What you will do
What you give back must match the records below word for word.

+++

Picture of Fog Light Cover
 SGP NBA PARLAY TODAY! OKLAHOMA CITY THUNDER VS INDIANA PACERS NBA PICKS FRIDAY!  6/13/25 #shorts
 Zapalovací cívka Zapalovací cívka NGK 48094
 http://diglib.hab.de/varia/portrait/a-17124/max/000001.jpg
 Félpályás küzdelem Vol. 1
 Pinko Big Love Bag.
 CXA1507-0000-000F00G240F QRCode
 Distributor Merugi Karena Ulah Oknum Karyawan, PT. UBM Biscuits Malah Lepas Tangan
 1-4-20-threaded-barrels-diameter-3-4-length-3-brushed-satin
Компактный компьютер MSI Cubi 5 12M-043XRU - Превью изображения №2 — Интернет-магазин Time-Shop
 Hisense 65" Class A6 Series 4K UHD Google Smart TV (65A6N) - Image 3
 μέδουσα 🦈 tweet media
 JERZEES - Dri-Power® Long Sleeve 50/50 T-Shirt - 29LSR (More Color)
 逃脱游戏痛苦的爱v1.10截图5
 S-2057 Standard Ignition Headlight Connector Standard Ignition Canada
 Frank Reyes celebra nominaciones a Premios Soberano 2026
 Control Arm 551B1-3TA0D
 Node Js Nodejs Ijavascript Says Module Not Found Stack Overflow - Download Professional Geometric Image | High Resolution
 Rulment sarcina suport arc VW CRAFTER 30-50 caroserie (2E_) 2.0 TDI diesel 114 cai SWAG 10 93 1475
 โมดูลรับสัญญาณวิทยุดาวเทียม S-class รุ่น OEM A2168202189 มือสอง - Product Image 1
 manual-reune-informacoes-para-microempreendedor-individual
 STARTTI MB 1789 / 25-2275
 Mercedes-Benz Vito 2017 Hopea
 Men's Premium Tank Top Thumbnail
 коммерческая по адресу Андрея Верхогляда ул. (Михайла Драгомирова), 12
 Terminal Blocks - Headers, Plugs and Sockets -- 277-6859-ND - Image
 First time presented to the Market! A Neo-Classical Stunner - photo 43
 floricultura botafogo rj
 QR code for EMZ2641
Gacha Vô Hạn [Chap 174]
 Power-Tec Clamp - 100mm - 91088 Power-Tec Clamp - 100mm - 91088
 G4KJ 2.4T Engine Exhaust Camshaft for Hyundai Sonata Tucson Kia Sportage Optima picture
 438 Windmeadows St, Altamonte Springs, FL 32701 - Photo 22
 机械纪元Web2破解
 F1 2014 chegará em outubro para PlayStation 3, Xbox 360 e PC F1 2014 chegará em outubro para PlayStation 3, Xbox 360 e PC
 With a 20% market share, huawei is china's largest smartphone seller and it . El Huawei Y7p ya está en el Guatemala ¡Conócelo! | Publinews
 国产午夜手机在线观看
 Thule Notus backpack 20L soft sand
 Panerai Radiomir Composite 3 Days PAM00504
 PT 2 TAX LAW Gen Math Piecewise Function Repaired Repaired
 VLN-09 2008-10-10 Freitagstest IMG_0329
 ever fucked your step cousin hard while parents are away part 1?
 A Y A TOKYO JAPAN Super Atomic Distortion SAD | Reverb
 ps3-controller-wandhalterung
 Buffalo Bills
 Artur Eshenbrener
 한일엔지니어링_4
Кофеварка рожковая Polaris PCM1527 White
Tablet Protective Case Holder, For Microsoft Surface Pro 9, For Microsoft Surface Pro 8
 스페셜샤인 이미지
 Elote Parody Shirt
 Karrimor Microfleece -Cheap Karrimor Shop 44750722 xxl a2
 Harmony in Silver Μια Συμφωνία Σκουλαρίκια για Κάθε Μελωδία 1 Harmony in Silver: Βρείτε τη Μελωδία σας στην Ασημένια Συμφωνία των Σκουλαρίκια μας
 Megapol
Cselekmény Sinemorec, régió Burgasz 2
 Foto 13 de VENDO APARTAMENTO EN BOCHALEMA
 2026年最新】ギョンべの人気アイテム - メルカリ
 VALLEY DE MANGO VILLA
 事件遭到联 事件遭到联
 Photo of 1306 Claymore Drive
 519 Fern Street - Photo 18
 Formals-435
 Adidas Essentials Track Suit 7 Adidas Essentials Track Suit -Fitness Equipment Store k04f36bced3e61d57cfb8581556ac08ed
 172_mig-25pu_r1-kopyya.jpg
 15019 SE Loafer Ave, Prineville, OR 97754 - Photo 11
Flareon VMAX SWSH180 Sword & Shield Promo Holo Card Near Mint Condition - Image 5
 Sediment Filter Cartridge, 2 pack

+++

Your response
Picture of Fog Light Cover
 SGP NBA PARLAY TODAY! OKLAHOMA CITY THUNDER VS INDIANA PACERS NBA PICKS FRIDAY!  6/13/25 #shorts
 Zapalovací cívka Zapalovací cívka NGK 48094
 http://diglib.hab.de/varia/portrait/a-17124/max/000001.jpg
 Félpályás küzdelem Vol. 1
 Pinko Big Love Bag.
 CXA1507-0000-000F00G240F QRCode
 Distributor Merugi Karena Ulah Oknum Karyawan, PT. UBM Biscuits Malah Lepas Tangan
 1-4-20-threaded-barrels-diameter-3-4-length-3-brushed-satin
Компактный компьютер MSI Cubi 5 12M-043XRU - Превью изображения №2 — Интернет-магазин Time-Shop
 Hisense 65" Class A6 Series 4K UHD Google Smart TV (65A6N) - Image 3
 μέδουσα 🦈 tweet media
 JERZEES - Dri-Power® Long Sleeve 50/50 T-Shirt - 29LSR (More Color)
 逃脱游戏痛苦的爱v1.10截图5
 S-2057 Standard Ignition Headlight Connector Standard Ignition Canada
 Frank Reyes celebra nominaciones a Premios Soberano 2026
 Control Arm 551B1-3TA0D
 Node Js Nodejs Ijavascript Says Module Not Found Stack Overflow - Download Professional Geometric Image | High Resolution
 Rulment sarcina suport arc VW CRAFTER 30-50 caroserie (2E_) 2.0 TDI diesel 114 cai SWAG 10 93 1475
 โมดูลรับสัญญาณวิทยุดาวเทียม S-class รุ่น OEM A2168202189 มือสอง - Product Image 1
 manual-reune-informacoes-para-microempreendedor-individual
 STARTTI MB 1789 / 25-2275
 Mercedes-Benz Vito 2017 Hopea
 Men's Premium Tank Top Thumbnail
 коммерческая по адресу Андрея Верхогляда ул. (Михайла Драгомирова), 12
 Terminal Blocks - Headers, Plugs and Sockets -- 277-6859-ND - Image
 First time presented to the Market! A Neo-Classical Stunner - photo 43
 floricultura botafogo rj
 QR code for EMZ2641
Gacha Vô Hạn [Chap 174]
 Power-Tec Clamp - 100mm - 91088 Power-Tec Clamp - 100mm - 91088
 G4KJ 2.4T Engine Exhaust Camshaft for Hyundai Sonata Tucson Kia Sportage Optima picture
 438 Windmeadows St, Altamonte Springs, FL 32701 - Photo 22
 机械纪元Web2破解
 F1 2014 chegará em outubro para PlayStation 3, Xbox 360 e PC F1 2014 chegará em outubro para PlayStation 3, Xbox 360 e PC
 With a 20% market share, huawei is china's largest smartphone seller and it . El Huawei Y7p ya está en el Guatemala ¡Conócelo! | Publinews
 国产午夜手机在线观看
 Thule Notus backpack 20L soft sand
 Panerai Radiomir Composite 3 Days PAM00504
 PT 2 TAX LAW Gen Math Piecewise Function Repaired Repaired
 VLN-09 2008-10-10 Freitagstest IMG_0329
 ever fucked your step cousin hard while parents are away part 1?
 A Y A TOKYO JAPAN Super Atomic Distortion SAD | Reverb
 ps3-controller-wandhalterung
 Buffalo Bills
 Artur Eshenbrener
 한일엔지니어링_4
Кофеварка рожковая Polaris PCM1527 White
Tablet Protective Case Holder, For Microsoft Surface Pro 9, For Microsoft Surface Pro 8
 스페셜샤인 이미지
 Elote Parody Shirt
 Karrimor Microfleece -Cheap Karrimor Shop 44750722 xxl a2
 Harmony in Silver Μια Συμφωνία Σκουλαρίκια για Κάθε Μελωδία 1 Harmony in Silver: Βρείτε τη Μελωδία σας στην Ασημένια Συμφωνία των Σκουλαρίκια μας
 Megapol
Cselekmény Sinemorec, régió Burgasz 2
 Foto 13 de VENDO APARTAMENTO EN BOCHALEMA
 2026年最新】ギョンべの人気アイテム - メルカリ
 VALLEY DE MANGO VILLA
 事件遭到联 事件遭到联
 Photo of 1306 Claymore Drive
 519 Fern Street - Photo 18
 Formals-435
 Adidas Essentials Track Suit 7 Adidas Essentials Track Suit -Fitness Equipment Store k04f36bced3e61d57cfb8581556ac08ed
 172_mig-25pu_r1-kopyya.jpg
 15019 SE Loafer Ave, Prineville, OR 97754 - Photo 11
Flareon VMAX SWSH180 Sword & Shield Promo Holo Card Near Mint Condition - Image 5
 Sediment Filter Cartridge, 2 pack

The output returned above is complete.